I focus on early use, by the naive user, with the OAuth flow. When the user first calls a high-level googledrive function such as drive_find(), a Drive request is ultimately generated with a call to googledrive::request_generate(). Here is its definition, at least approximately:

# googledrive:: request_generate <- function(endpoint = character(), params = list(), key = NULL, token = drive_token()) { ept <- .endpoints[[endpoint]] if (is.null(ept)) { stop_glue("\nEndpoint not recognized:\n * {endpoint}") } ## modifications specific to googledrive package params$key <- key %||% params$key %||% drive_api_key() if (!is.null(ept$parameters$supportsTeamDrives)) { params$supportsTeamDrives <- TRUE } req <- gargle::request_develop(endpoint = ept, params = params) gargle::request_build( path = req$path, method = req$method, params = req$params, body = req$body, token = token ) }

googledrive::request_generate() is a thin wrapper around gargle::request_develop() and gargle::request_build() that only implements details specific to googledrive, before delegating to more general functions in gargle.
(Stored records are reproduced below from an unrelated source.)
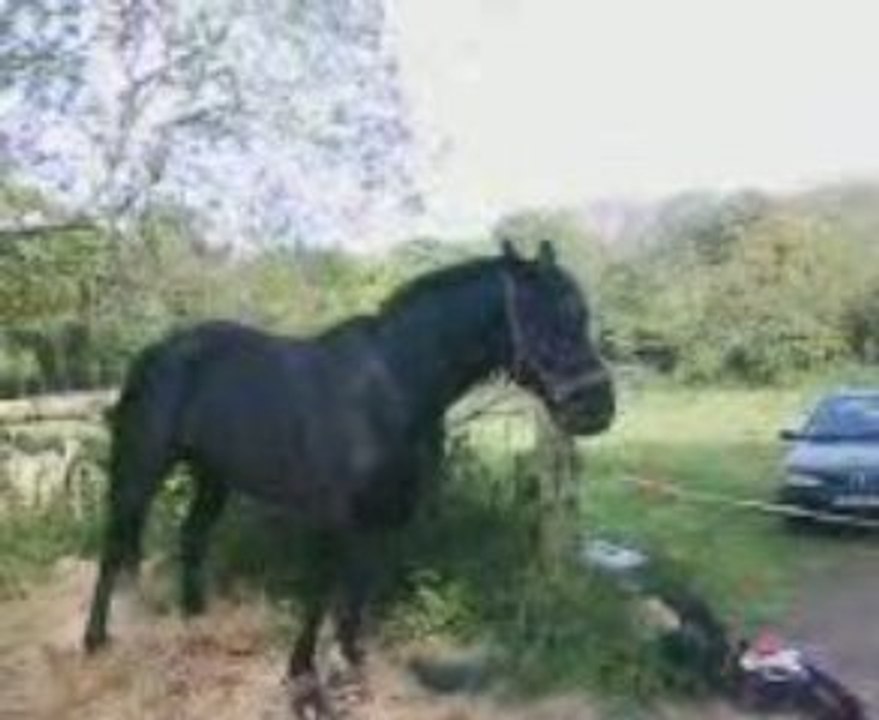 mon cheval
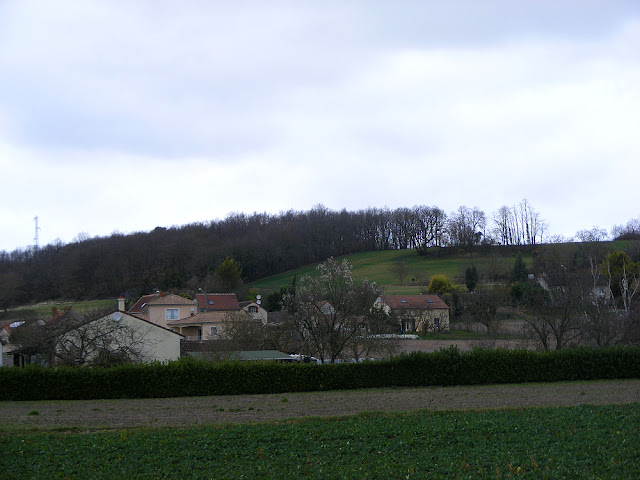 Photographed by Susan from Loire Valley Time Travel. https://tourtheloire.com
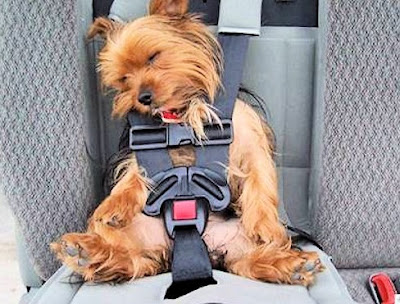 perro dormido en un coche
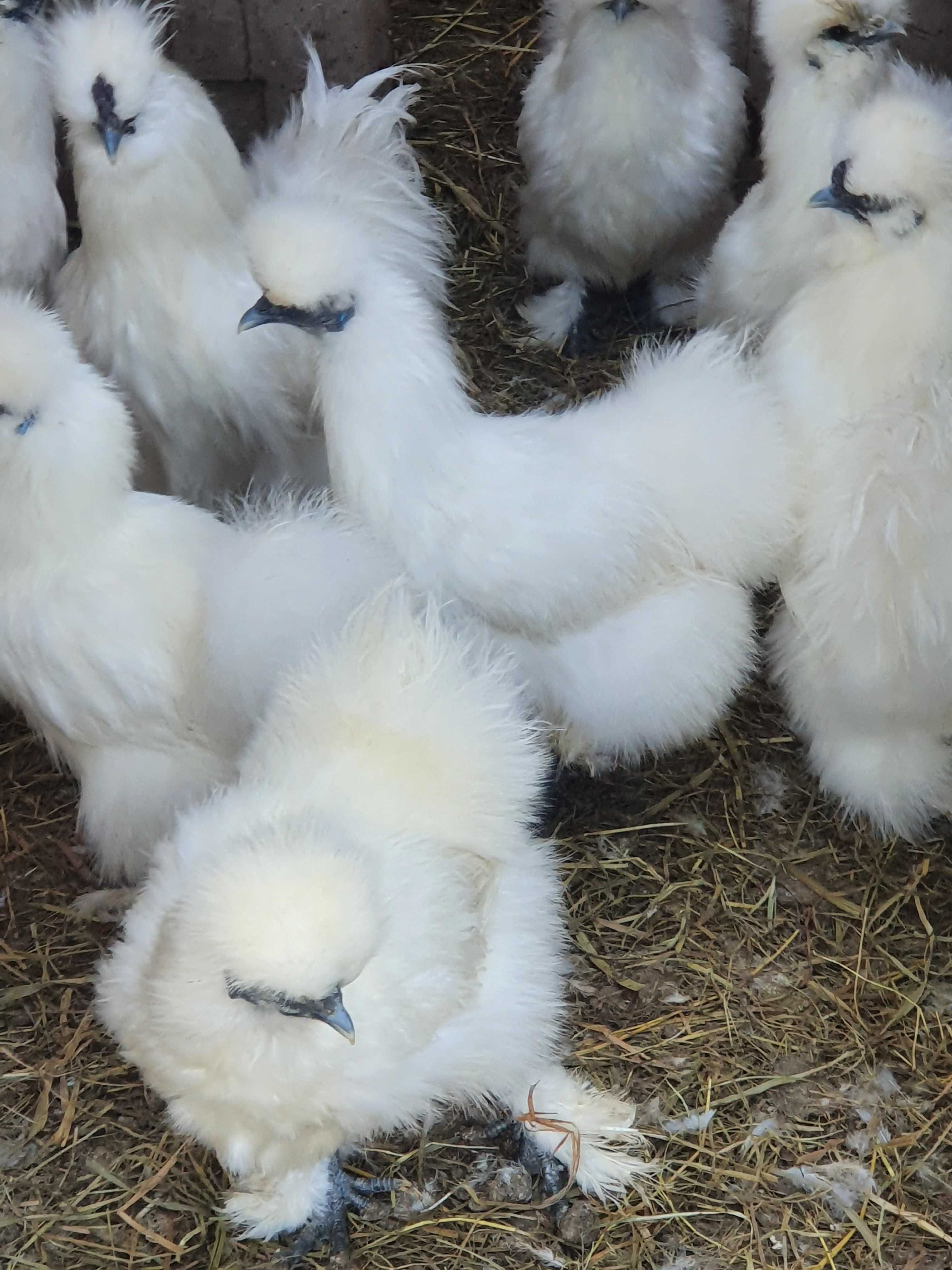 jaja lęgowe Silka,Totenko,Appenzeller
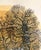 1970s Robert Tavener Winter Paddock Lithograph Signed Mid Century English Farm Barn For Sale - Image 5 of 15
The vignette Request Helper Functions documents these gargle functions.

googledrive::request_generate() gets a token with drive_token(), which is defined like so:

# googledrive:: drive_token <- function() { if (isFALSE(.auth$auth_active)) { return(NULL) } if (!have_token()) { drive_auth() } httr::config(token = .auth$cred) }

where have_token() in an internal helper defined as:

# googledrive::: have_token <- function() { inherits(.auth$cred, "Token2.0") }

By default, auth is active, and, for a fresh start, we won't have a token stashed in .auth yet. So this will result in a call to drive_auth() to obtain a credential, which is then cached in .auth$cred for the remainder of the session. All subsequent calls to drive_token() will just spit back this token.

Above, we discussed scenarios where an advanced user might call drive_auth() proactively, with non-default arguments, possibly even loading a service token or using alternative flows, like Application Default Credentials or a Google Cloud Engine flow. Any token loaded in that way is stashed in .auth$cred and will be returned by subsequent calls to drive_token().

Auth interface

The exported functions like drive_auth(), drive_token(), etc. constitute the auth interface between googledrive and gargle and are centralized in tidyverse/googledrive/R/drive_auth.R. That is a good template for how to use gargle to manage auth in a client package. In addition, the docs for these gargle-backed functions are generated automatically from standard information maintained in the gargle package.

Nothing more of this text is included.